== Task details ==
What you hand back must match the records word for word, with no pictures.

BEGIN

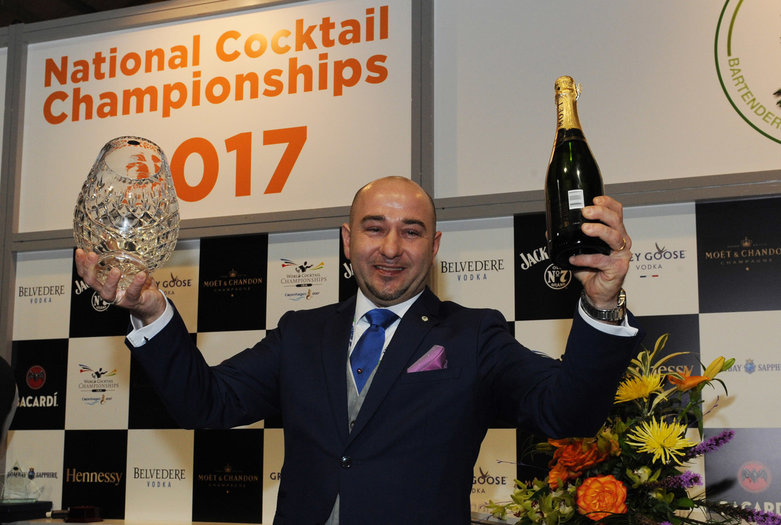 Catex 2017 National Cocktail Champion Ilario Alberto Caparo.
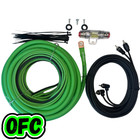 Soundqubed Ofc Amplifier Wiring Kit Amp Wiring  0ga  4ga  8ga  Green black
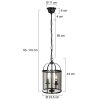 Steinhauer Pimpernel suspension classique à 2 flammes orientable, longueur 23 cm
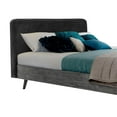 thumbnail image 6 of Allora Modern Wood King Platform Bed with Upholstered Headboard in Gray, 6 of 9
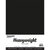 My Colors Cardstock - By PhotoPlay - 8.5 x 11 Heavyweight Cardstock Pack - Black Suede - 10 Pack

END

== Written response ==
 Catex 2017 National Cocktail Champion Ilario Alberto Caparo.
 Soundqubed Ofc Amplifier Wiring Kit Amp Wiring  0ga  4ga  8ga  Green black
 Steinhauer Pimpernel suspension classique à 2 flammes orientable, longueur 23 cm
 thumbnail image 6 of Allora Modern Wood King Platform Bed with Upholstered Headboard in Gray, 6 of 9
 My Colors Cardstock - By PhotoPlay - 8.5 x 11 Heavyweight Cardstock Pack - Black Suede - 10 Pack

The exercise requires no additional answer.